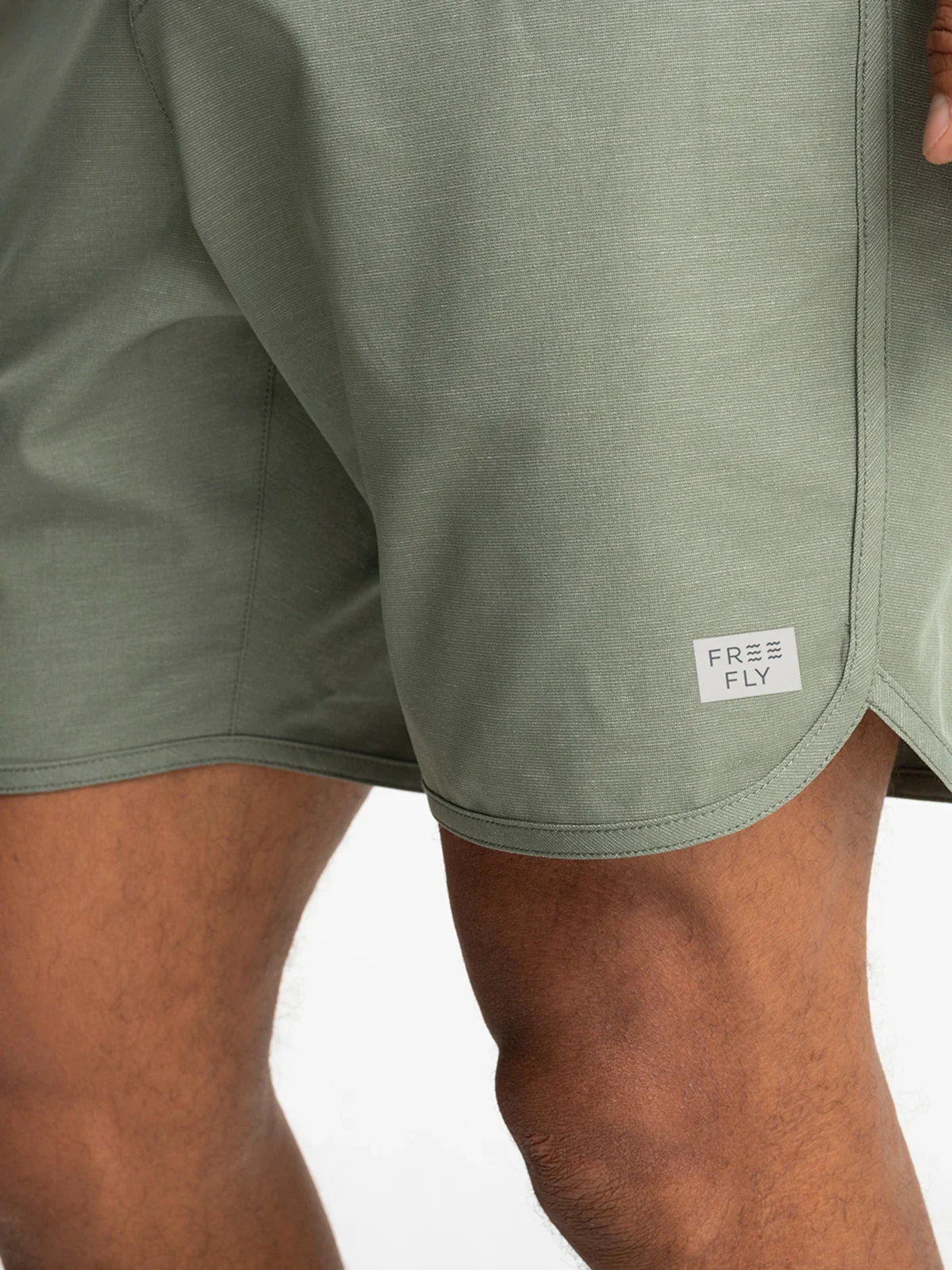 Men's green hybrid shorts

...

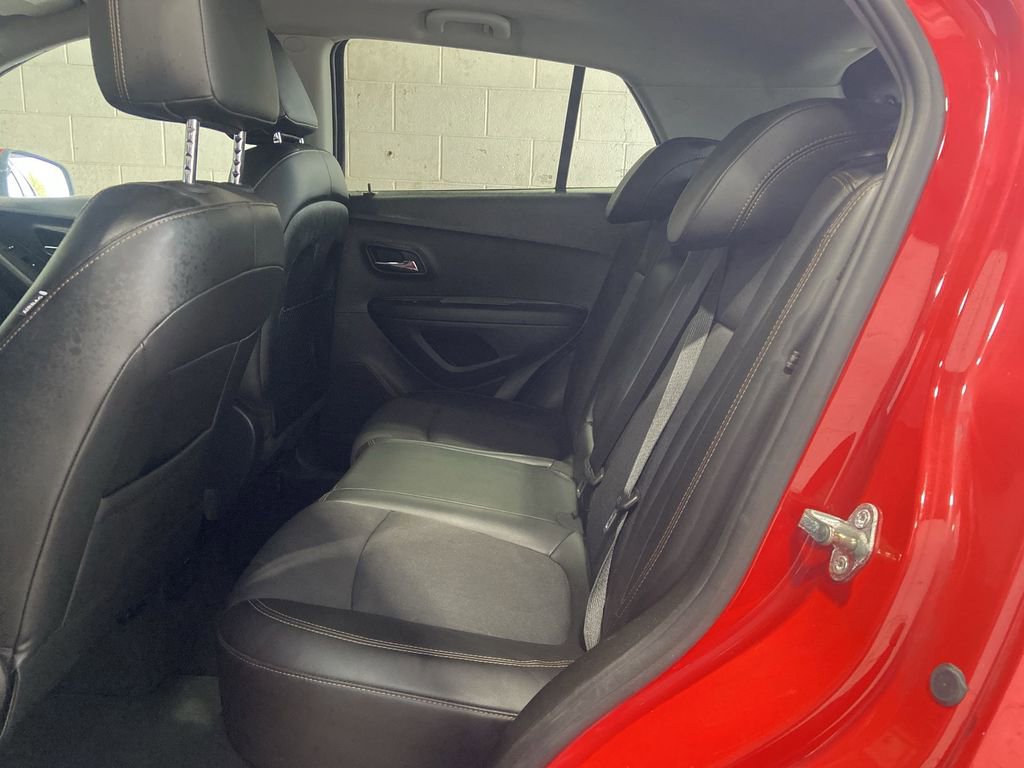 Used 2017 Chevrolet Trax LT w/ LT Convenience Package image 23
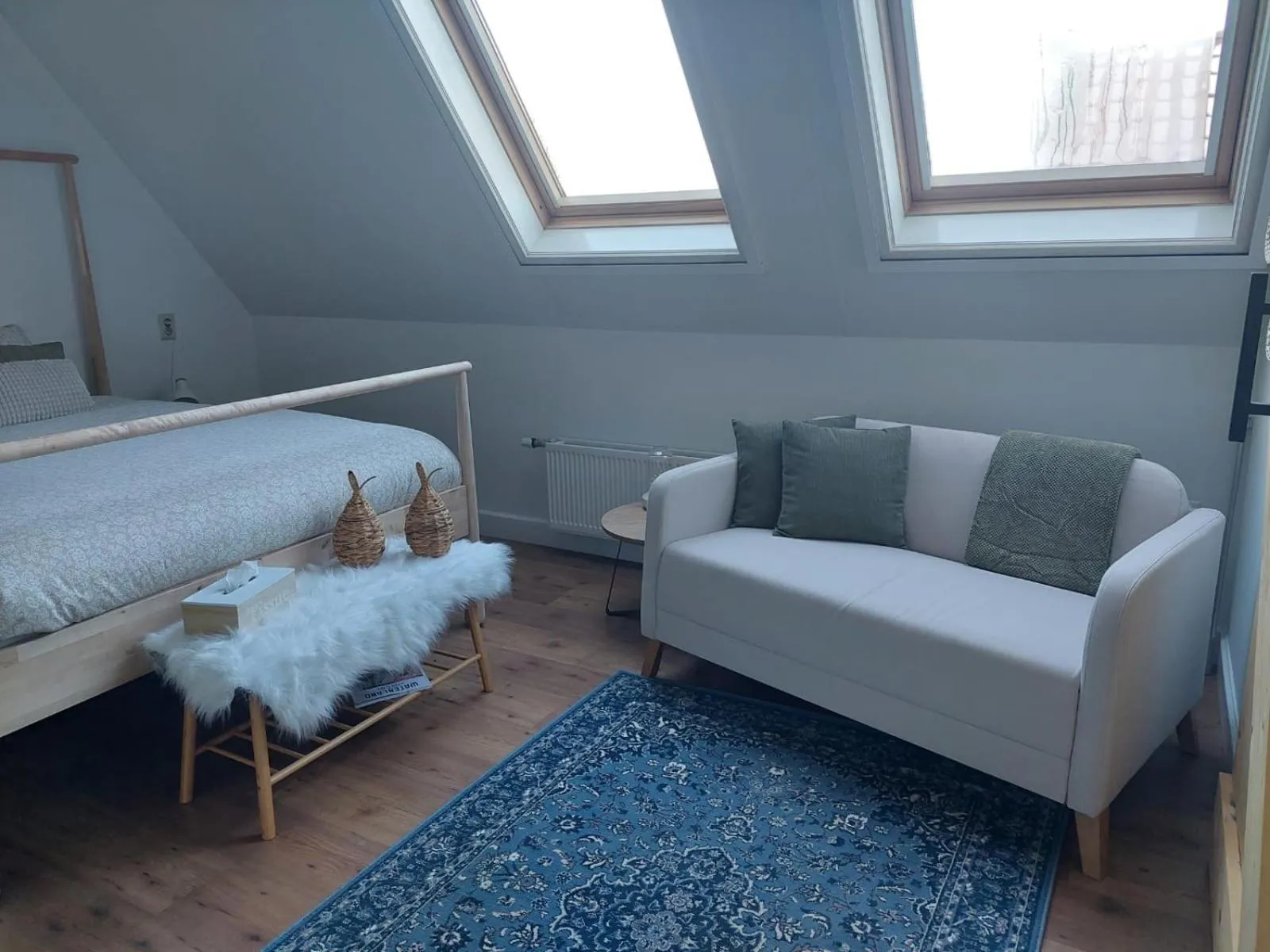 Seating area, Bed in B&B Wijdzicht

* * *

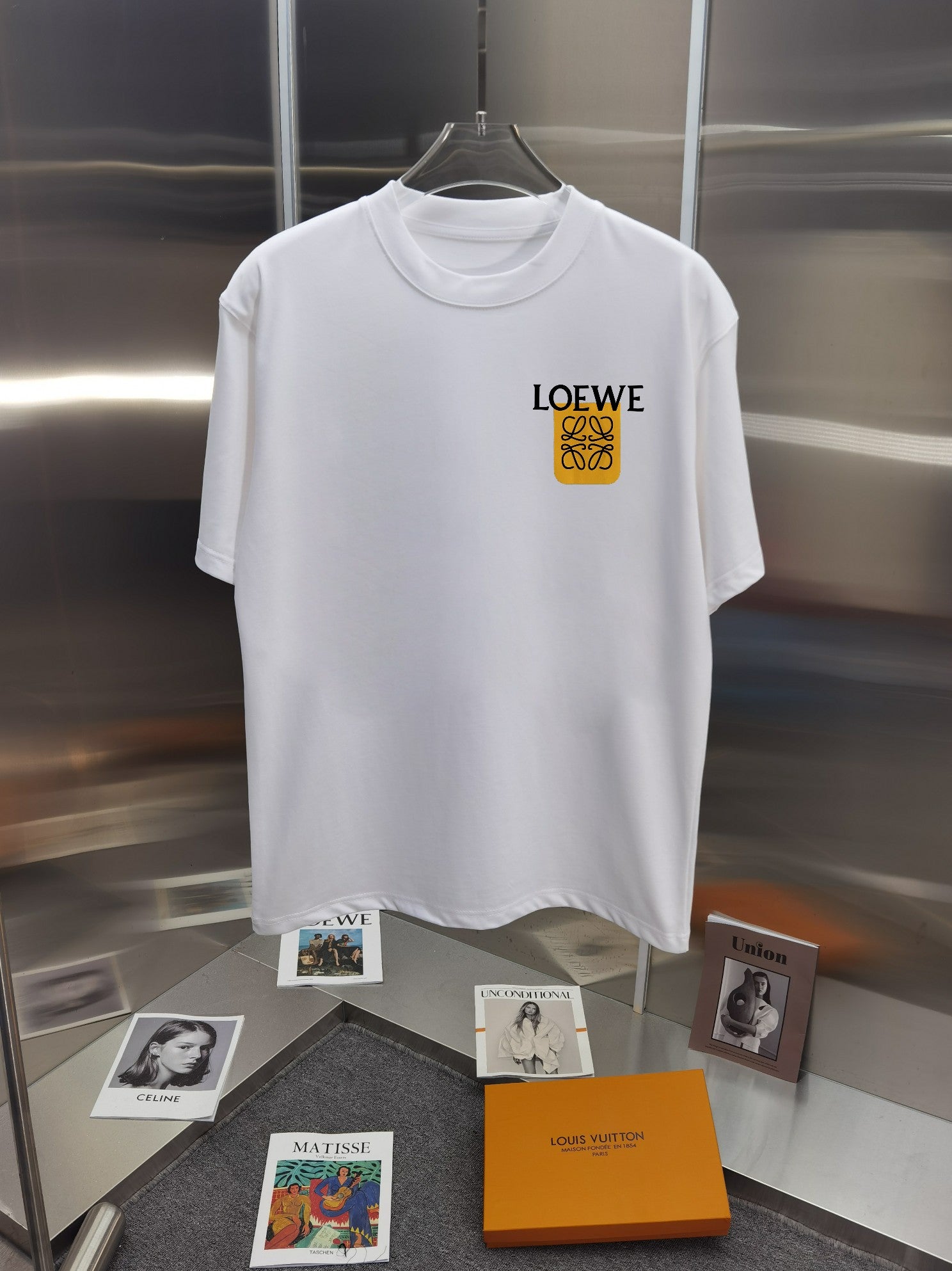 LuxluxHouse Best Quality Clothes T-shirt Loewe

GOAL OF THE EXERCISE:
The line holding "Used 2017 Chevrolet" starts the copy and the line holding "Seating area, Bed in B&B Wijdzicht" ends it. Repeat those two lines above and all between them exactly, leaving out pictures.

ANSWER TO THIS TASK:
 Used 2017 Chevrolet Trax LT w/ LT Convenience Package image 23
 Seating area, Bed in B&B Wijdzicht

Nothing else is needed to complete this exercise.